Rising expectations that President Donald Trump will tap Powell, who is seen as more dovish on interest rates, have pressured U.S. Treasury yields and the dollar this week.
MSCI’s broadest index of Asia-Pacific shares outside Japan added 0.1 percent in early trading, moving back toward a 10-year peak scaled in the previous session.
Japan’s Nikkei stock index was up 0.2 percent, probing fresh 21-year highs and on track to gain 2.3 percent in a holiday-shortened week. Japanese markets will be closed for a national holiday on Friday.
Foreign investors, who largely shunned Japanese stocks earlier this year, have turned net buyers over the past six weeks, according to the Tokyo Stock Exchange.
On Wednesday, Wall Street posted modest gains after the Fed held policy steady as expected and underscored solid U.S. economic growth as well as a strengthening labour market while downplaying the impact of recent hurricanes.
Investors took that as a sign the U.S. central bank is on track to resume hiking interest rates next month, with federal fund futures putting the odds of a December rate hike at about 98 percent, according to CME Group’s FedWatch program.
The Fed has raised interest rates twice this year, and forecasts one more hike by the end of the year as part of its tightening cycle that began in late 2015.
In addition to the Fed’s encouraging assessment, ADP National Employment Report showed that private employers hired 235,000 workers in October, the most in seven months.
The upbeat figures “speak to a broad mosaic of good economic data coming out of the U.S., although slightly muddied by the hurricanes,” said Bill Northey, chief investment officer at the private client group of U.S. Bank in Helena, Montana.
On Friday, the Labor Department’s nonfarm payrolls report is expected to show growth of 303,000 jobs in October, compared to a drop of 40,000 the month before.

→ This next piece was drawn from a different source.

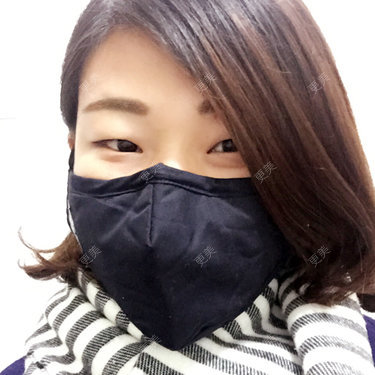 双眼皮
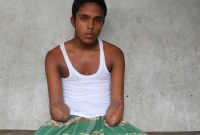 পল্লী বিদ্যুতের লাইন মেরামতের কাজ করতে গিয়ে ২ হাত হারিয়ে ডুকরে ডুকরে কাঁদছেন সাব্বির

Total non-farm employment is expected to have increased by 312,000, according to economists polled by Reuters.
U.S. Treasury yields fell further on Wednesday and the yield curve was its flattest since 2007 after the Treasury Department said it would keep auction sizes steady in the coming months, despite the Fed’s plan to reduce its bond holdings.
Benchmark 10-year note yields were at 2.372 percent in Asian trading, compared to their U.S. close of 2.376 percent on Wednesday, when they dipped as low as 2.349 percent.
The dollar index, which tracks the greenback against a basket of six major rivals, edged down 0.1 percent to 94.712
The dollar pulled back slightly against the yen to 114.15 , below its three-month high of 114.45 yen touched last Friday, while the euro was 0.1 percent higher at $1.1630.
Crude oil futures were steady, with Brent crude flat on the day at $60.49 per barrel and U.S. crude down 6 cents at $54.24.
While oil settled lower on Wednesday after weekly U.S. government inventory data showed the latest crude stock draw was not as big as an industry trade group had reported, both Brent and U.S. crude futures remain near their highest levels since July 2015 as lower global supply pushed markets higher.